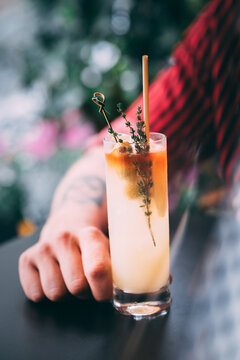 A man in a red shirt holds a classic gin cocktail garnished with orange fruit, against a background of summer flowers. Bright light adds to the atmosphere of celebration and enjoyment.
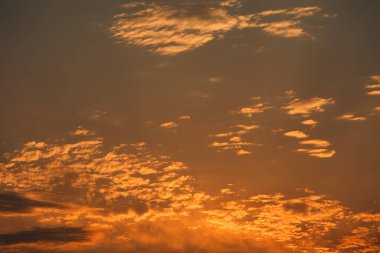 Karanlık dağ siluetlerinin üzerinde turuncu ve kırmızı tonlarda parlayan katmanlı bulutlarla dramatik, ateşli günbatımı, Ağustos 2025 'te yakalandı.
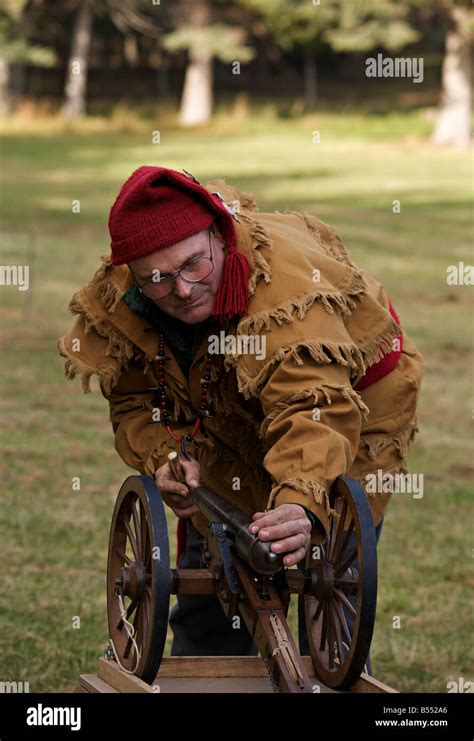 Man wearing trapper costume demonstrating black powder cannon at Steam ...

○ ○ ○ ○

• TASK INSTRUCTIONS
Give again exactly the lines from the one that contains "Karanlık dağ siluetlerinin" through the end of the material, both ends included, omitting the pictures.

• RESPONSE TO THIS TASK
 Karanlık dağ siluetlerinin üzerinde turuncu ve kırmızı tonlarda parlayan katmanlı bulutlarla dramatik, ateşli günbatımı, Ağustos 2025 'te yakalandı.
 Man wearing trapper costume demonstrating black powder cannon at Steam ...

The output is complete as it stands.